Um paciente de 23 anos denunciou que duas profissionais de saúde leram o resultado do teste de HIV dele, que havia dado positivo, em voz alta, em uma Unidade de Pronto Atendimento (UPA), de Ribeirão Preto (SP). 

Paciente reclamou da demora no atendimento em uma UPA e teve o resultado do exame lido em voz alta. O teste era positivo para HIV
Uma das profissionais envolvidas no caso foi afastada. (Imagem: Reprodução/ Google Maps)

Segundo o Portal UOL, as profissionais teriam tomado esta atitude após ele reclamar da demora na fila do atendimento, ato que vai contra a lei que garante o sigilo aos pacientes. O caso está sendo investigado pela Secretaria Municipal de Saúde. 

O jovem teria ameaçado acionar a Guarda Civil Metropolitana devido a demora do atendimento e, após a coleta de sangue, a médica teria lido o resultado do exame em voz alta, enquanto ele estava em uma sala de observação ao lado de outras pessoas. 

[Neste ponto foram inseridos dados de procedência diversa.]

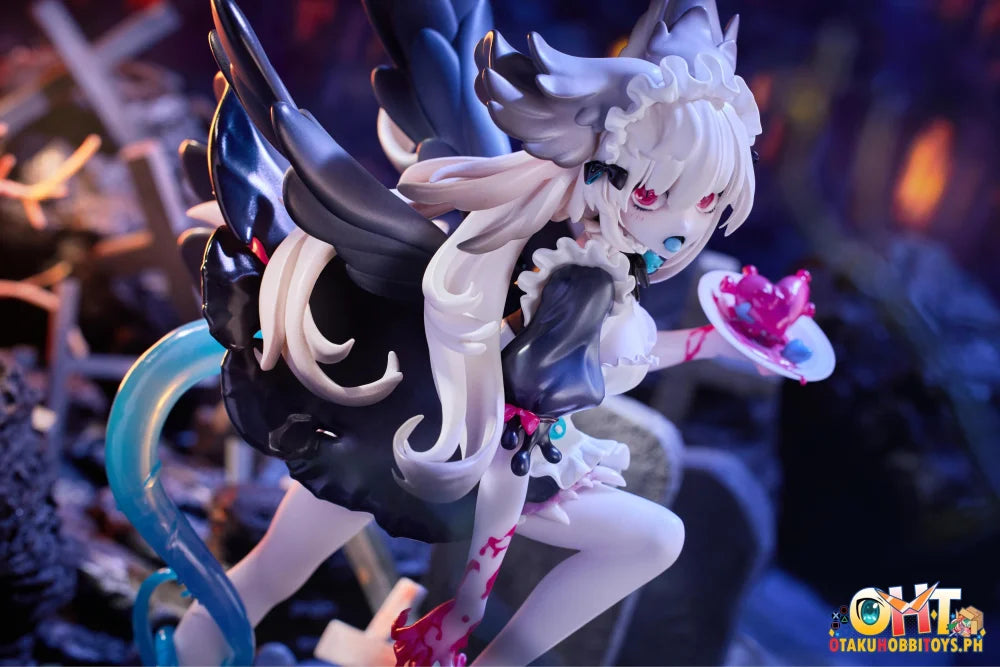 PoiArt 1/6 Creature Maid BONUS EDITION Scale Figure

Minutos depois, outra enfermeira entrou na sala e confirmou o resultado de dois exames reagentes, sem sigilo. 

 “Me senti constrangido, envergonhado, muito triste, fiquei em pânico com os olhares das pessoas e comecei a chorar muito”, afirmou o rapaz em entrevista ao UOL. 

Após a divulgação do exame, ele afirma que foi liberado e seguiu para registrar um Boletim de Ocorrência na Delegacia de Polícia Civil. A Lei nº 12.984/2014 tipifica como crime a divulgação da condição sorológica de pacientes com HIV. 

A Secretaria Municipal da Saúde afirmou que a Fundação Hospital Santa Lydia, responsável pelo gerenciamento das UPAs, instaurou um processo administrativo para analisar o caso e que uma das funcionárias envolvidas foi afastada das funções, mas não detalhou se foi a médica ou a enfermeira envolvida no caso.